Sitemap using Cron
« on: February 26, 2010, 09:57:05 AM »
Hey all ,
I have almost around 1,00,000 page URL and it takes so much time in generating sitemap.
now i want to create a cron file which get executed every week and update my sitemap,
now the issue is when i run crawling manually and when session is expired ,they provide a checkbox to start the previous session and continue generating sitemap from the last expire session.So that it do not always start generating it sitemap from first URL.

So my question is if i run it th' cron , is this file continue execution upto last entry or if it get expire .how do i continue with the last expired session.
Is it like Execution cron again will start the generation from last expire time or anything else required for it.

any help will be greatly appreciated.
Re: Sitemap using Cron
« Reply #1 on: February 27, 2010, 02:02:25 PM »

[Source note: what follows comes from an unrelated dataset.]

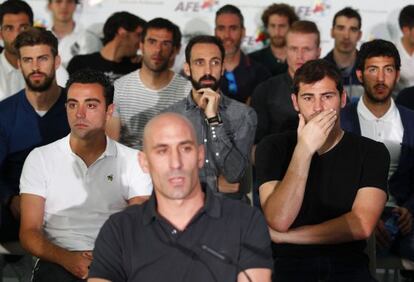 Luis Rubiales, president de l'AFE, amb Xavi i Casillas, al darrere, durant l'última reunió del sindicat.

the cron task automatically resumes previously interrupted session.

with website of this size the best option is to create a limited sitemap - with "Maximum depth" or "Maximume URLs" option limited so that it would gather about 200-300,000 URLs, which would be main pages representing "roadmap" sitemap for search engines.

The crawling time itself depends on the website page generation time mainly, since it crawls the site similar to search engine bots.
For instance, if it it takes 1 second to retrieve every page, then 1000 pages will be crawled in about 16 minutes.

Some of the real-world examples of big db-driven websites:
about 35,000 URLs indexed - 1h 40min total generation time
about 200,000 URLs indexed - 38hours total generation time

With "Max urls" options defined it would be much faster than that.